Selected Reports and Surveys Related to Women- and Minority-Owned Businesses

This page provides links to key reports related to small business and the COVID-19 pandemic.  It is not an exhaustive list, rather it is intended to support further examination and discovery on this important topic.

  • Analysis of Place-Based Incentives:  Brookings Institute issued a report, How States Can Direct Economic Development to Places and People in Need, which “finds that the criteria that governments use to geographically target tax incentives and other place-based programs are often ill-conceived or out-of-date, with the result that initiatives end up serving wealthy locations instead of disadvantaged ones. And even when programs do reach the intended communities, they often are not well-suited to help residents.”  Report recommendations include:

    • Targeting programs using quantitative measures

    • Systematically assessing geographic targeting

    • Regularly updating the set of eligible locations

    • Tailoring economic development strategies to local needs

    • Creating job opportunities for low-income residents

  • Asian American Becoming Largest Minority Group:  The Pew Research Center released a report, Asian Americans are the fastest-growing racial or ethnic group in the U.S., in April 2021.  According to the report, the Asian American population increased in every state over the past two decades with California being home to 5.9 million Asian Americans in 2019, which is the largest Asian American population in US.  New York ranks second with 1.7 million Asian Americans and Texas is third with 1.5 million.  
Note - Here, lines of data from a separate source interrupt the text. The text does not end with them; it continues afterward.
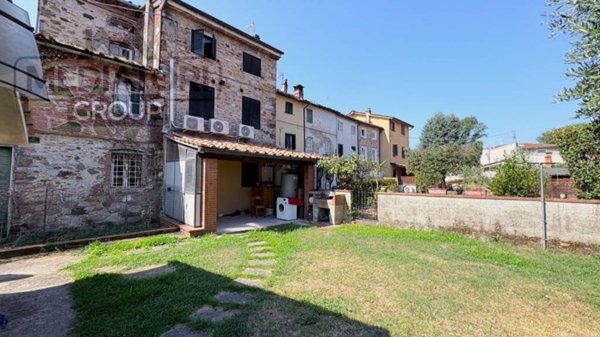casa indipendente in vendita a Lucca in zona Picciorana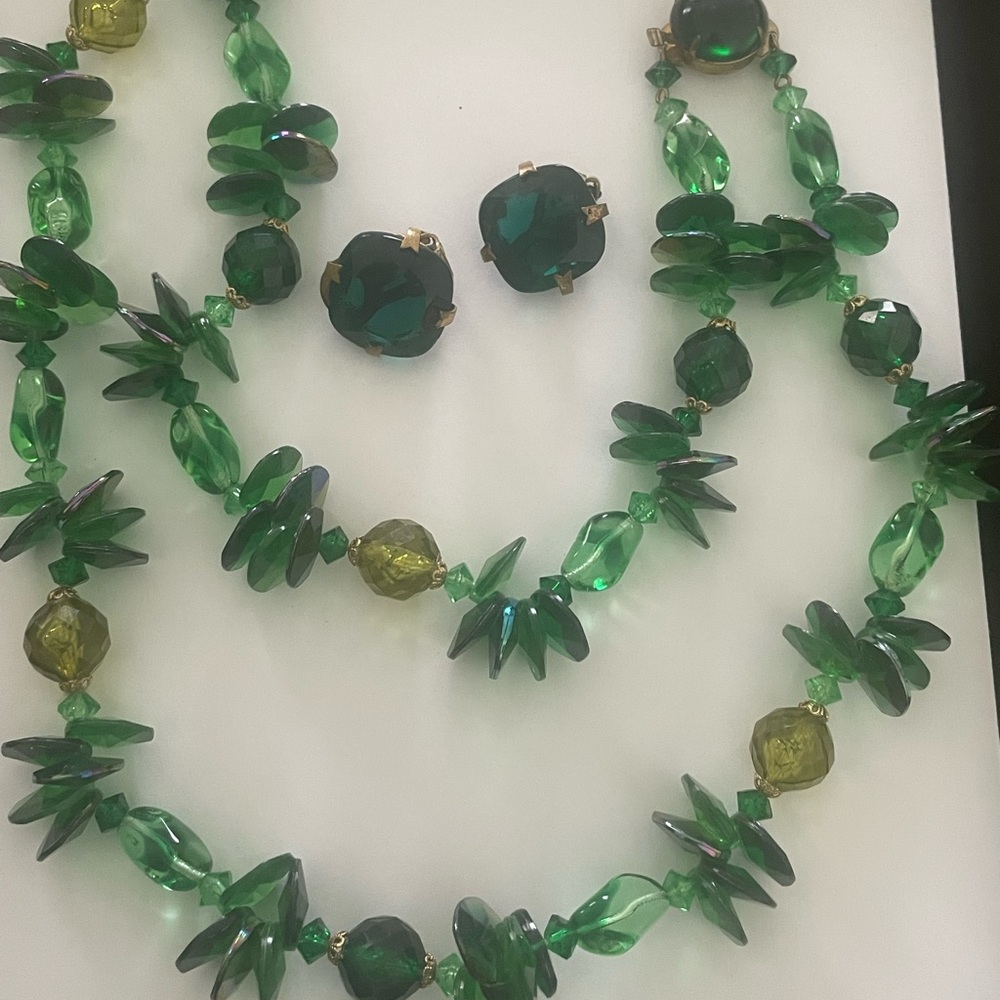Elegant Green Gemstone Jewelry Set Stamped.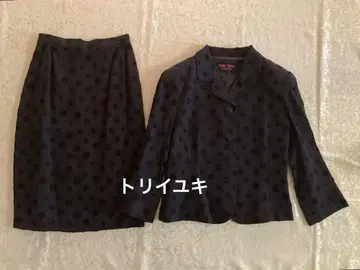 YUKI TORII 꽃무늬 다크 블루 셋업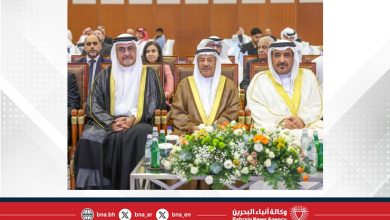 صورة رئيس مجلس الشورى يكرّم الفائزين بجائزة البحرين للمحتوى الرقمي
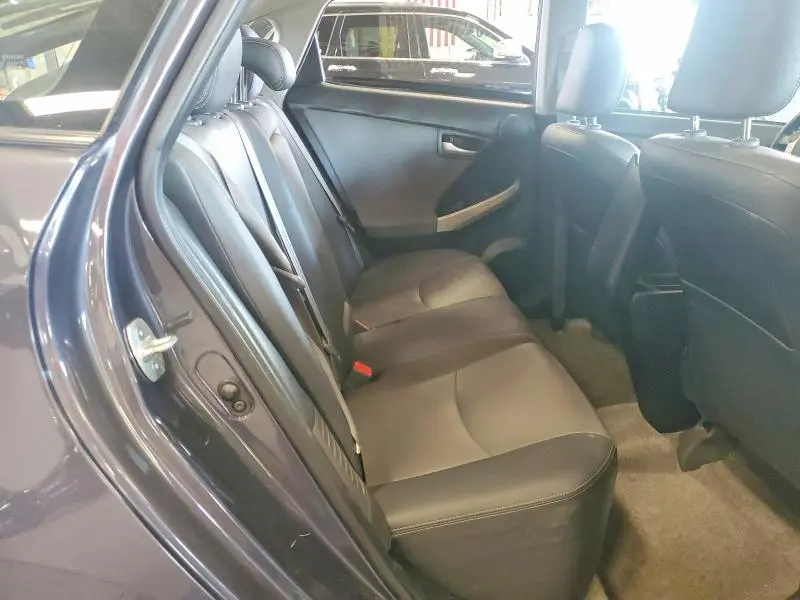 2015 TOYOTA PRIUS FIVE  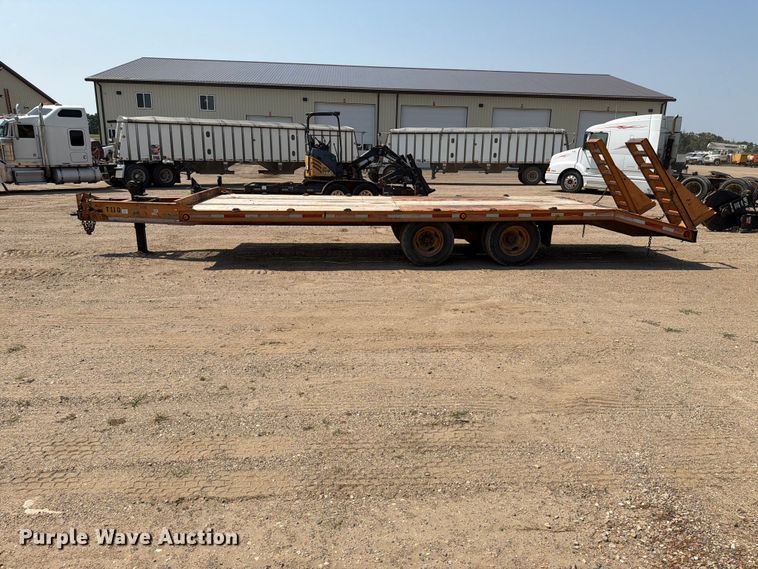 image for item EA0417 1994 Butler B-2424-FD equipment trailer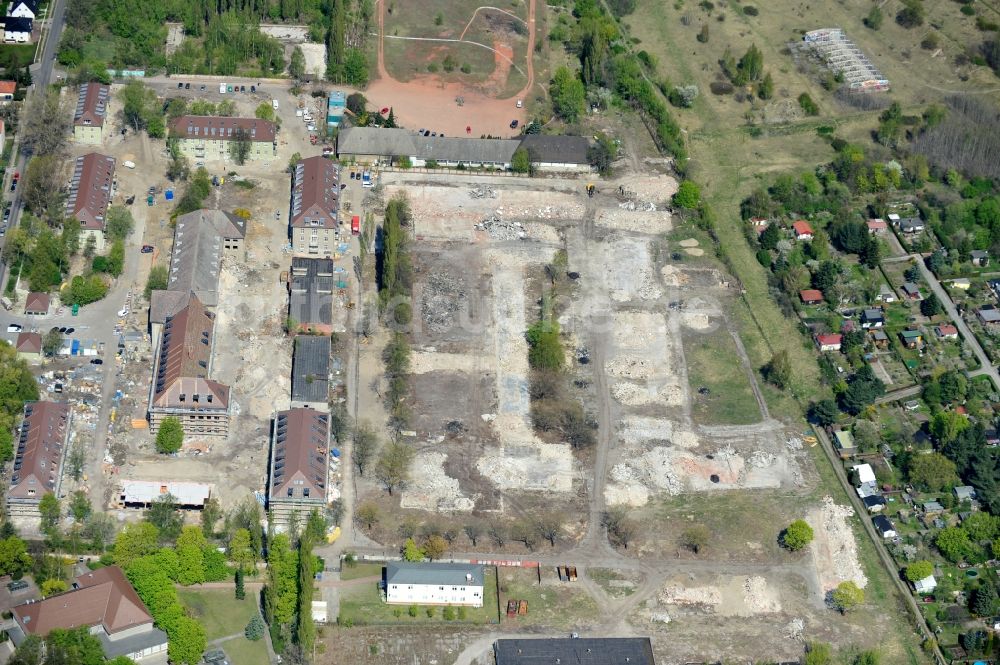 Berlin von oben - Baustelle zum Umbau und Ausbau des denkmalgeschützten Altbau- Gebäudes Patersdorfer - Regener - Zachenberger Straße im Ortsteil Karlshorst in Berlin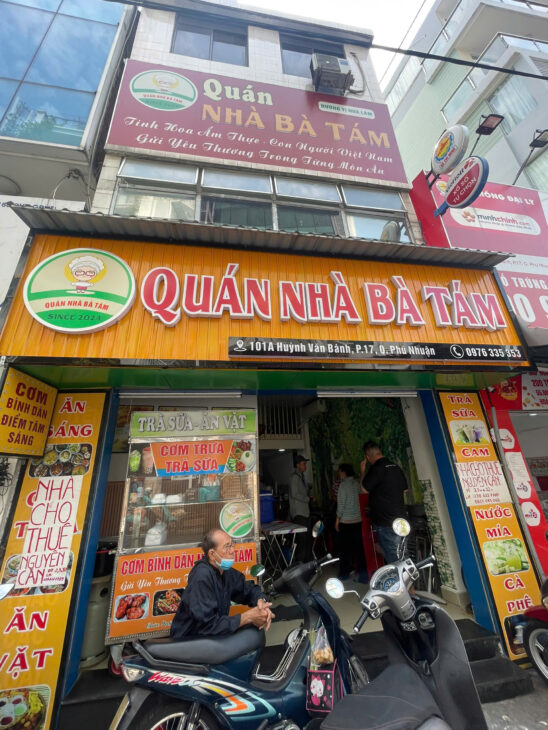 Phú Nhuận ! Chính chủ Cho thuê Mặt tiền nguyên căn đường Huỳnh Văn Bánh khu chợ Phú Nhuận, Tel :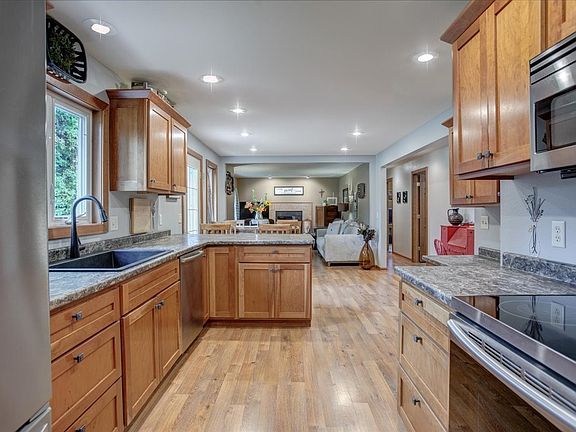 4th image of 819 East Street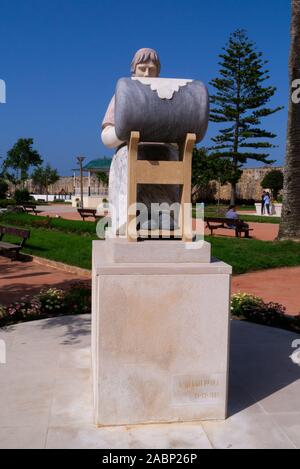 Statua di una donna che fa il merletto nel centro di Peniche Portogallo Foto Stock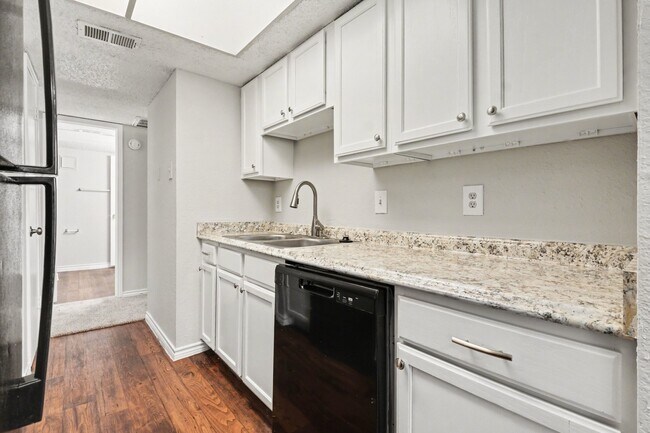 Building Photo - 3603 W Northgate Dr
  • California Small Businesses Face Difficult Decisions:  Small Business Majority released the results of a California survey in December 2020, California Small Businesses Face Difficult Decisions As Pandemic Continues And Funding Freezes.” The survey of 418 California small business owners (nearly evenly split between white entrepreneurs and business owners of color) taken between November 10 and 23, 2020. found:

    • 17% of entrepreneurs of color report they are likely to permanently close their business in the next three months, compared to 12% of white business owners.

    • Nearly half say operating capacity has decreased, with 16% reporting their capacity has decreased by more than 50%.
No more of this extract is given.